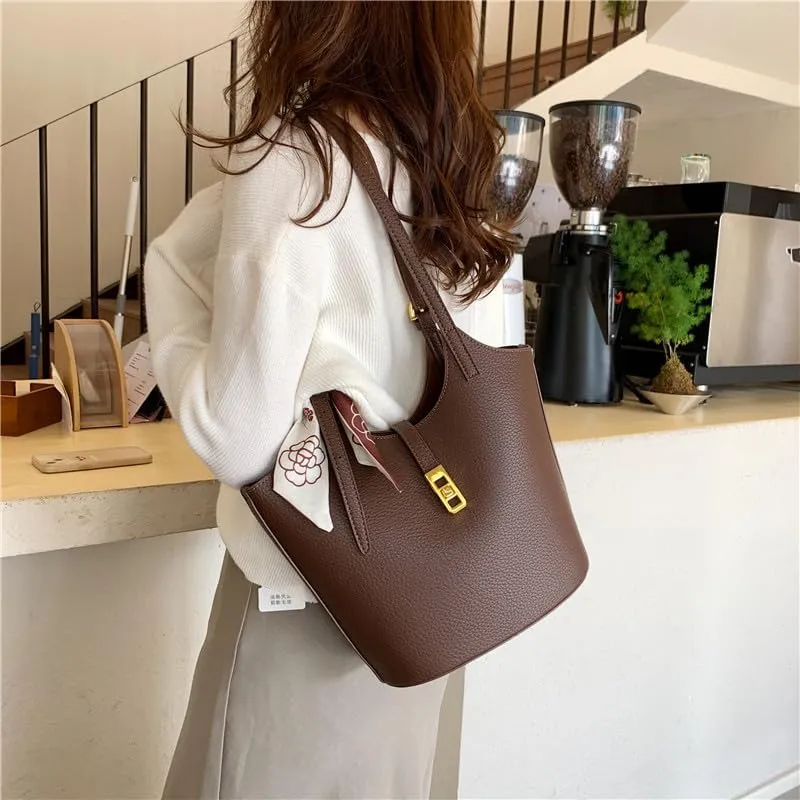 Bucket Bag for Women,Trendy Vintage Shoulde Tote Vegan Leather Handbag Designer Scoop Neck Hobo Purse with Silk/Pouch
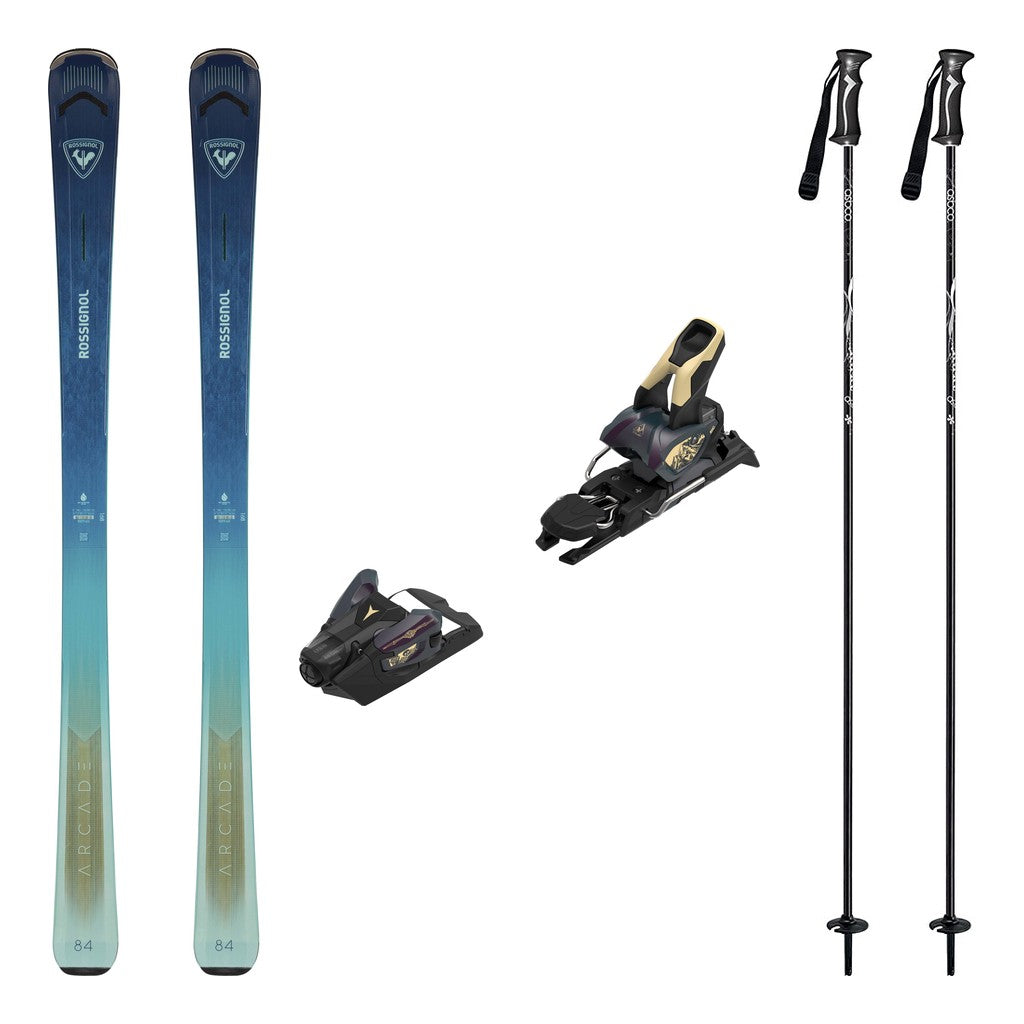Rossignol Arcade 84 Womens Skis 2027 with Strive 12 Bindings Ski Package - Bent Chetler Butter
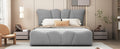Full Size Upholstered Platform Bed Velvet Upholstered Bed, Gray Full Gray Velvet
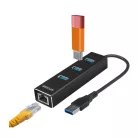 Astrum DA580 USB 3.0 Multi-HUB 3X USB (3.0) + Ethernet fekete adapter
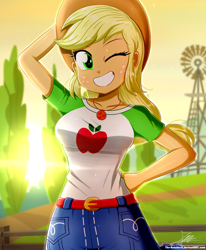 Size: 1784x2163 | Tagged: safe, artist:the-butch-x, derpibooru import, applejack, equestria girls, applejack's hat, applerack, arms, belt, breasts, bust, clothes, collar, cowboy hat, cute, denim skirt, eyelashes, female, fence, fingers, freckles, geode of super strength, grin, hand, hand behind head, hand on hip, happy, hat, jackabetes, long hair, magical geodes, one eye closed, open mouth, open smile, outdoors, ponytail, shirt, short sleeves, signature, skirt, smiling, solo, standing, sun, sunset, sweat, sweatdrop, sweatdrops, t-shirt, teenager, teeth, tree, windmill, wink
----------------
> _Exercise requirements_: Could you retype exactly, and only, the lines running from the one with "Astrum DA580 USB" to the last line of the listing, while leaving any pictures out?

> _Result of this task_:
 Astrum DA580 USB 3.0 Multi-HUB 3X USB (3.0) + Ethernet fekete adapter
 Size: 1784x2163 | Tagged: safe, artist:the-butch-x, derpibooru import, applejack, equestria girls, applejack's hat, applerack, arms, belt, breasts, bust, clothes, collar, cowboy hat, cute, denim skirt, eyelashes, female, fence, fingers, freckles, geode of super strength, grin, hand, hand behind head, hand on hip, happy, hat, jackabetes, long hair, magical geodes, one eye closed, open mouth, open smile, outdoors, ponytail, shirt, short sleeves, signature, skirt, smiling, solo, standing, sun, sunset, sweat, sweatdrop, sweatdrops, t-shirt, teenager, teeth, tree, windmill, wink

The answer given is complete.